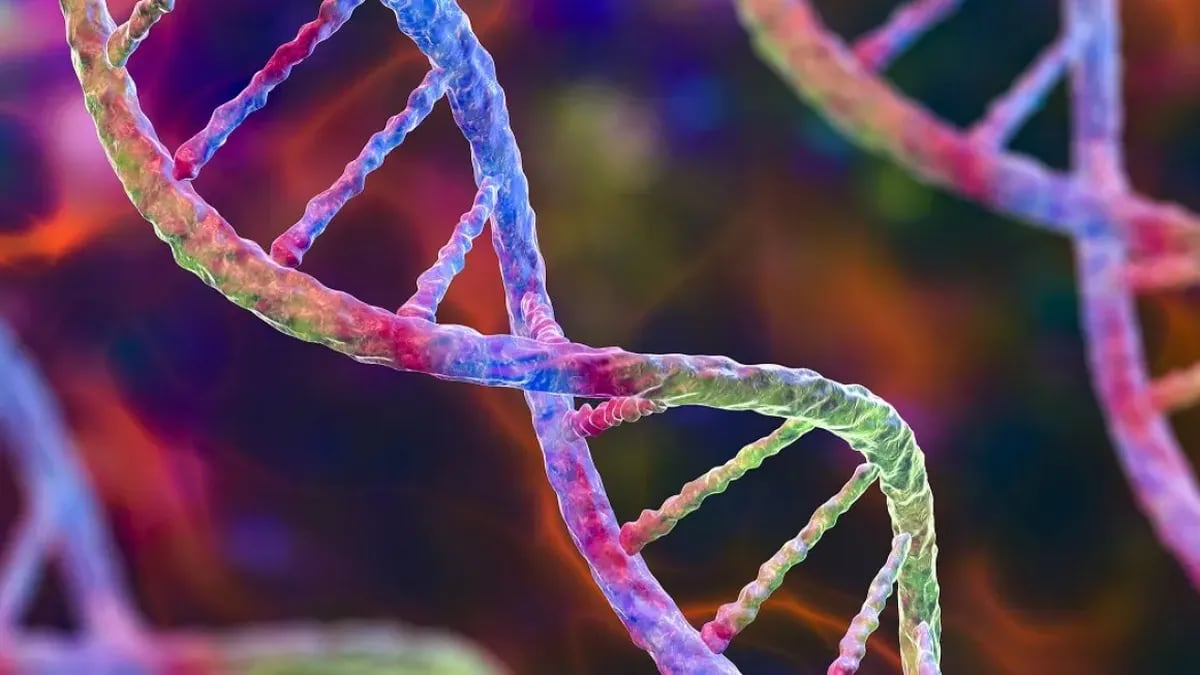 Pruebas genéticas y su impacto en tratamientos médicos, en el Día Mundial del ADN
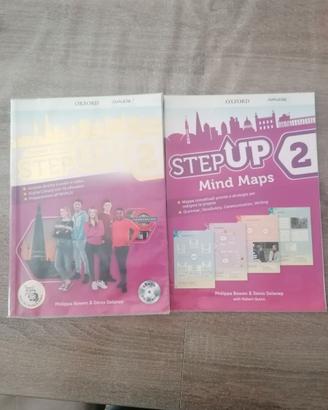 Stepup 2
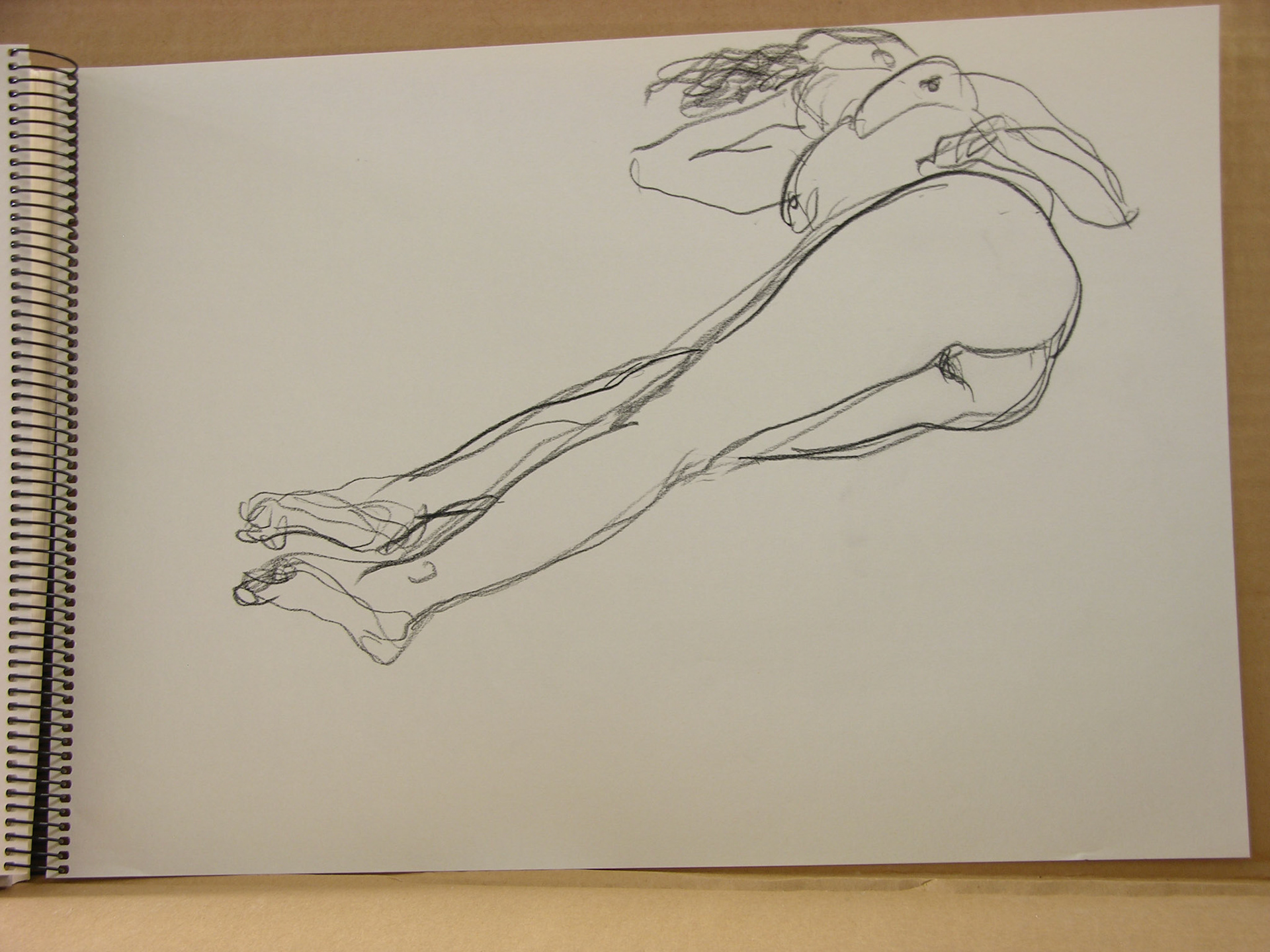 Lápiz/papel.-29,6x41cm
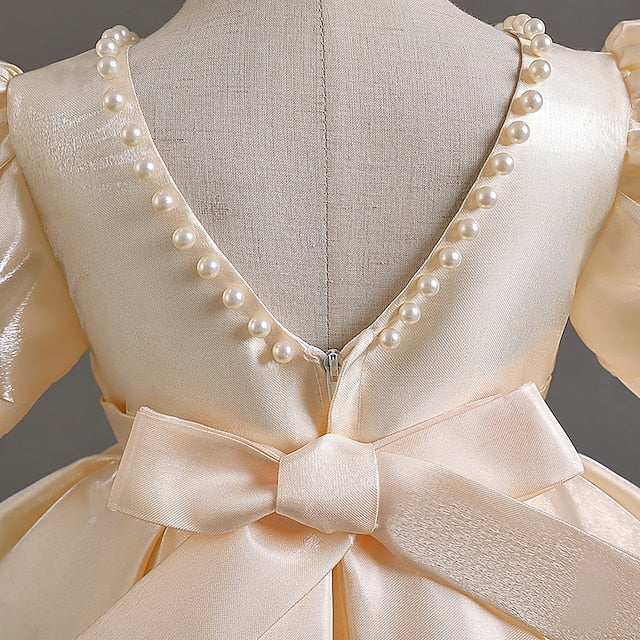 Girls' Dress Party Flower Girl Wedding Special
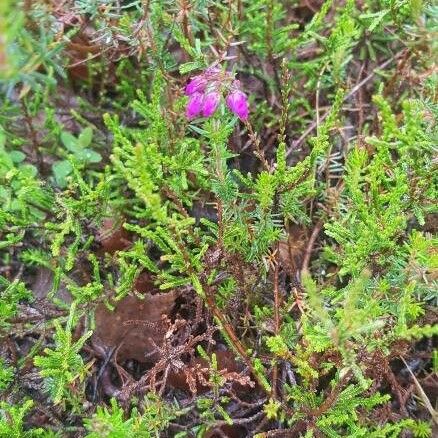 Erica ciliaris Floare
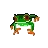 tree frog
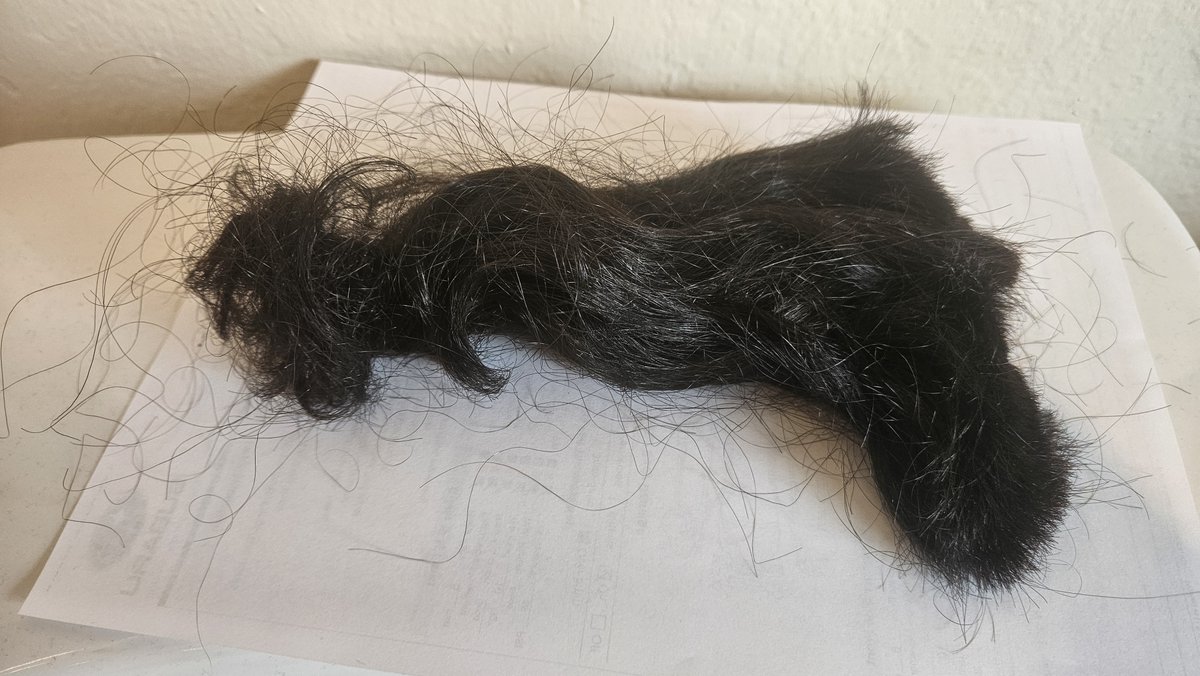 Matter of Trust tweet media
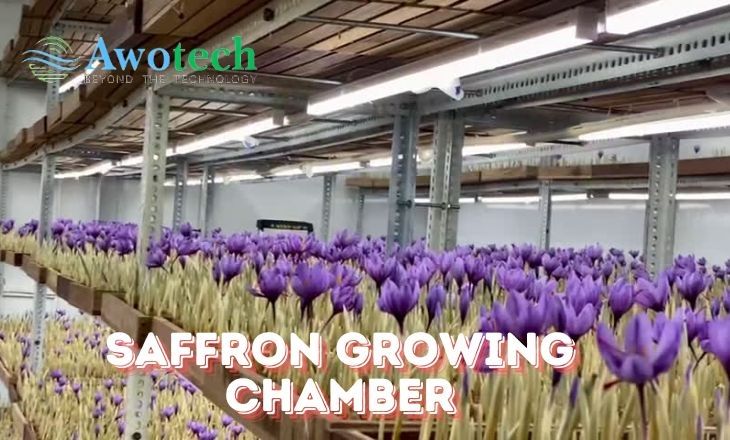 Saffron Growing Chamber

---

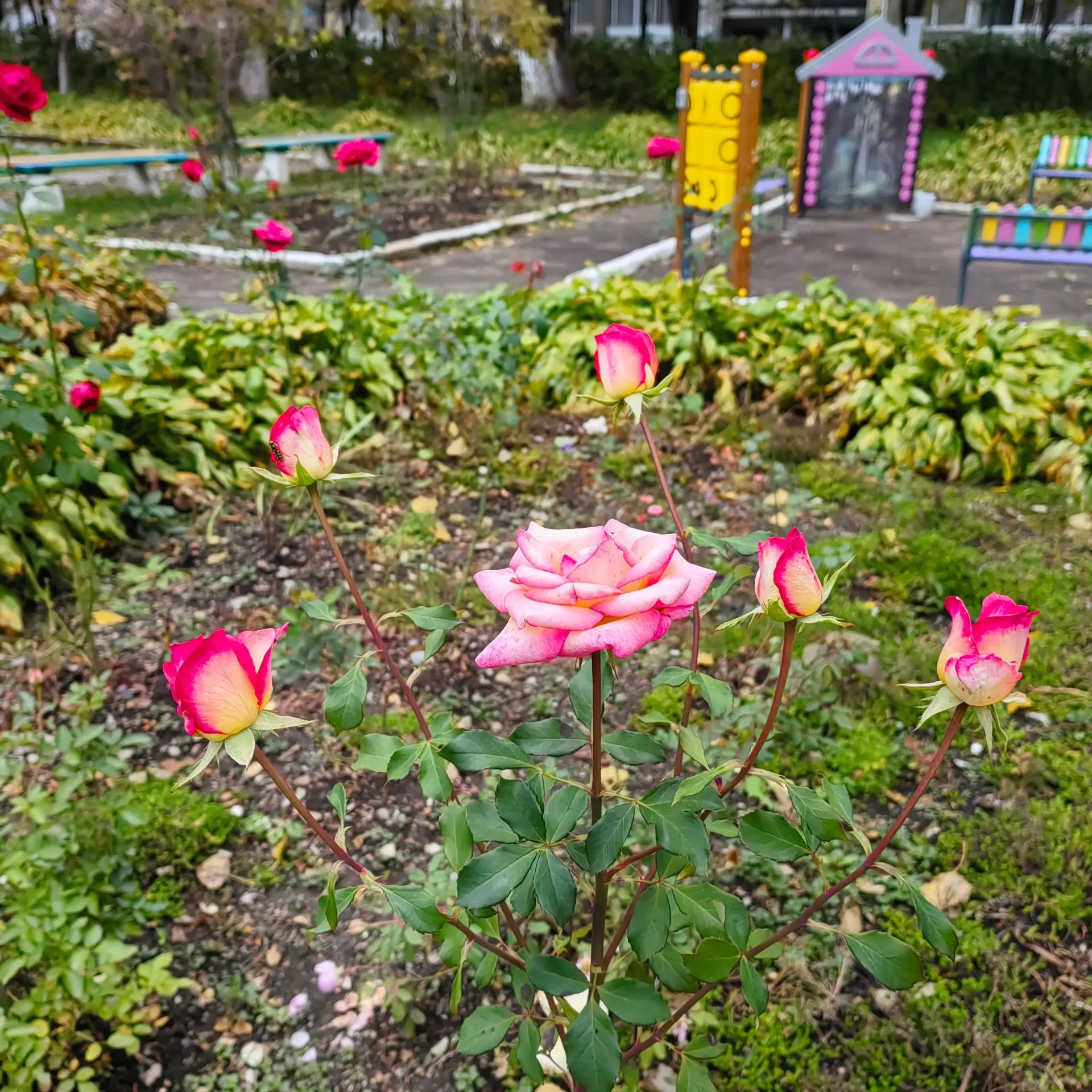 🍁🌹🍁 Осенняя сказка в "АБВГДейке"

**Problem:** Look above for the line with "Pruebas genéticas y" and the line with "Saffron Growing Chamber", then copy exactly the lines from the first through the second, both kept, with no pictures.

**Solution below:**
 Pruebas genéticas y su impacto en tratamientos médicos, en el Día Mundial del ADN
 Stepup 2
 Lápiz/papel.-29,6x41cm
 Girls' Dress Party Flower Girl Wedding Special
 Erica ciliaris Floare
 tree frog
 Matter of Trust tweet media
 Saffron Growing Chamber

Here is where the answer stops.